Task description → Copy without pictures. Please restate each line of the listing exactly.

Source data →
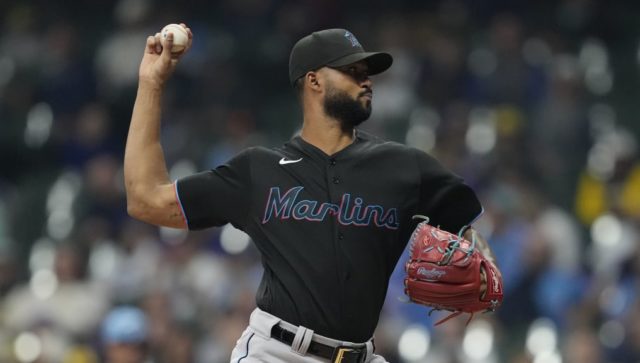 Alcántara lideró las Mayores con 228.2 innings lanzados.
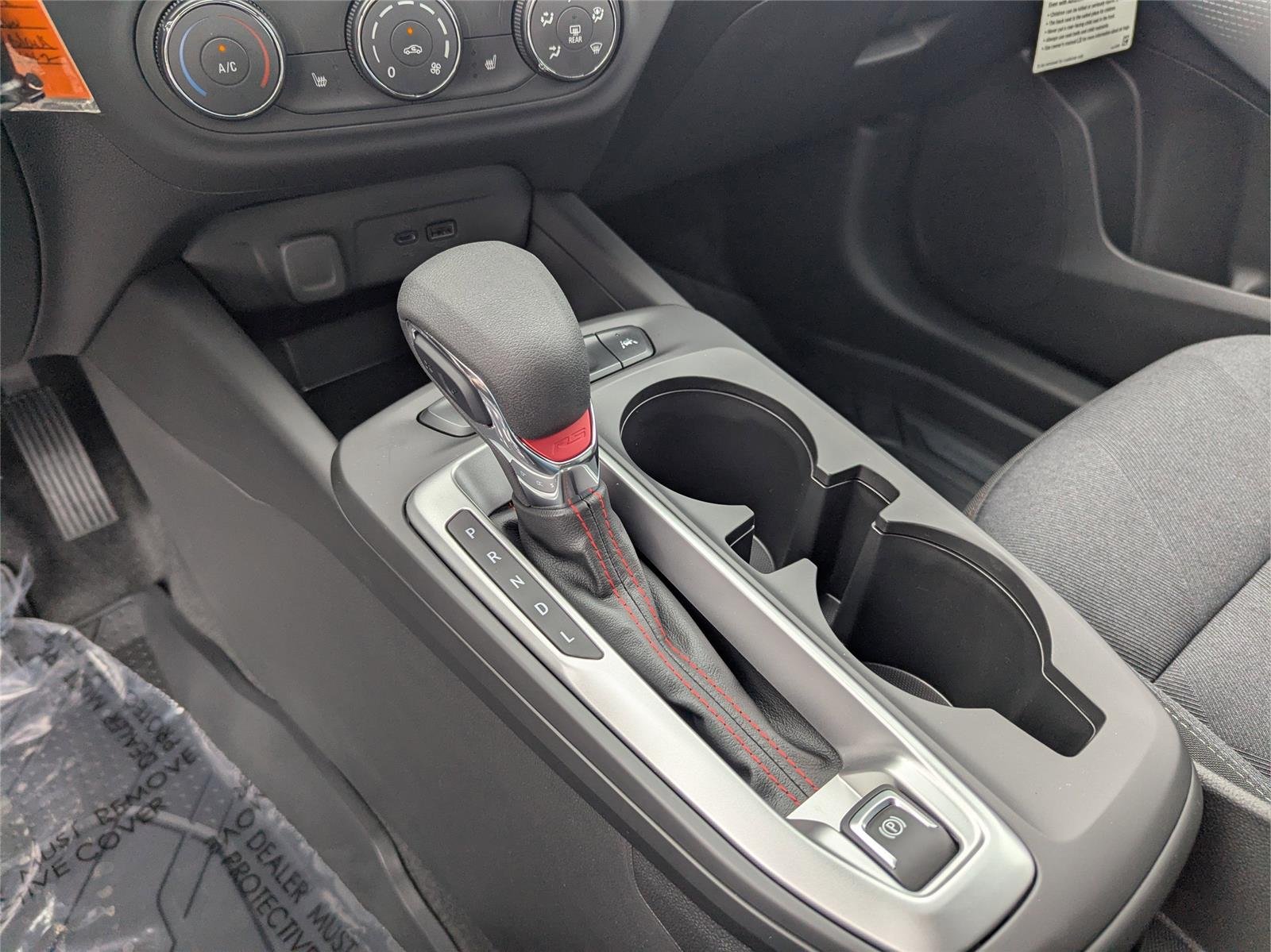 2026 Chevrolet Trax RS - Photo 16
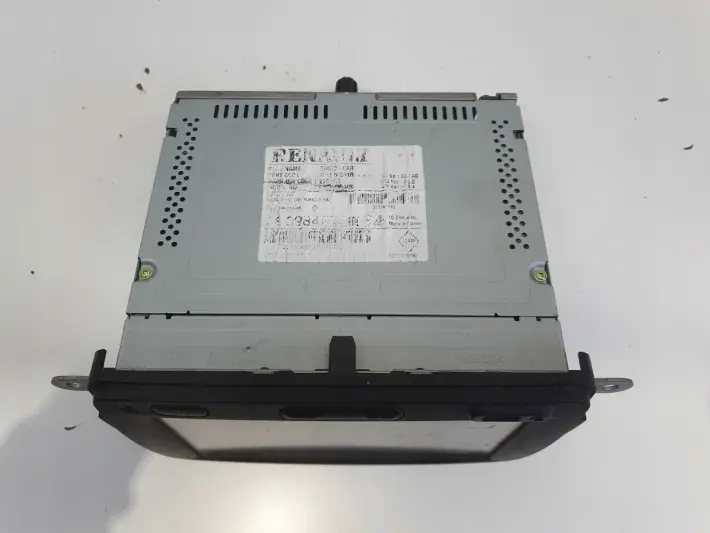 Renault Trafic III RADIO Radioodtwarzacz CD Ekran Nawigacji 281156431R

Task answer →
 Alcántara lideró las Mayores con 228.2 innings lanzados.
 2026 Chevrolet Trax RS - Photo 16
 Renault Trafic III RADIO Radioodtwarzacz CD Ekran Nawigacji 281156431R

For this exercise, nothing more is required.